“Neither shall any plague come near your dwelling…”

In the 1800’s the great English preacher C.H. Spurgeon had just begun his historic pastorate in London. The sermons of the young preacher had caused an immediate buzz and people began to flood into the soon too small building. God was moving. But then as if the devil rose up to stop this fresh move, the Cholera plague struck (this was infinitely worse than Coronavirus). World wide the horrible plague lasted 14 years, from 1846-1860, killing tens of thousands. Young Spurgeon soon found himself daily attending the sick and dying with almost daily funerals. The preacher soon grew exhausted, both mentally and physically. He records how he began to fancy himself feeling sick, alongside experiencing attacks of fear. But then something happened. In his own words he writes:

“I was returning mournfully home from a funeral, when, as God would have it, my curiosity led me to read a paper which was hung in a shoemaker’s window in the Great Dover Road. It did not look like a trade announcement, nor was it, for it bore, in a good bold handwriting, these words:

‘Because thou hast made the Lord, which is my refuge, even the Most High, thy habitation; there shall no evil befall thee, neither shall any plague come nigh thy dwelling.’

He testifies that “The effect upon my heart was immediate. Faith appropriated the passage as her own.
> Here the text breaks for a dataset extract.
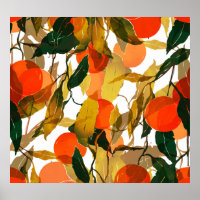 Tangerines tree: juicy seamless pattern.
I felt secure, refreshed, girt with immortality. I went on with my visitation of the dying, in a calm and peaceful spirit; I felt no fear of evil, and I suffered no harm.”

Dear church, there is nothing new under the sun. God’s promises are as good today as they were for Charles Spurgeon! Let’s keep our eyes on Jesus, our heart in His love, and our faith in His promises. THIS TOO SHALL PASS!